Dataset records
----------------

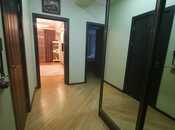 Satılır 2 otaqlı yeni tikili 67 m², Yeni Yasamal q., photo 7 from 8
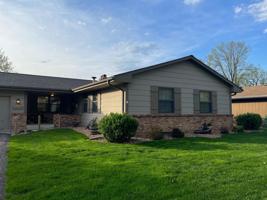 10316 Morris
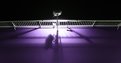 Picture Title - Lighting the Way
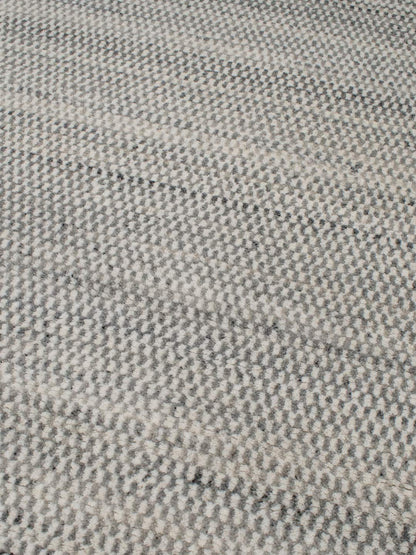 Mystique Ivory/Grey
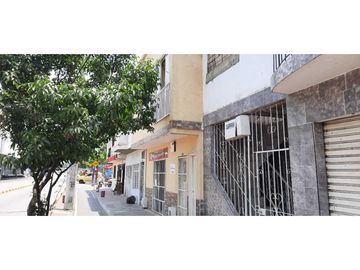 Casa para venta oriente de cali barrio 20 de julio 2 pisos independien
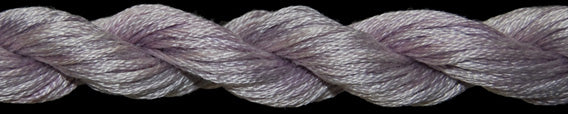 ThreadworX - Lavender Fields  (10011)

----------------

YOUR TASK: An acceptable answer holds exactly the lines from the one with "Mystique Ivory/Grey" through the end of the entries above, both ends kept, and no pictures at all.

WRITTEN SOLUTION:
 Mystique Ivory/Grey
 Casa para venta oriente de cali barrio 20 de julio 2 pisos independien
 ThreadworX - Lavender Fields  (10011)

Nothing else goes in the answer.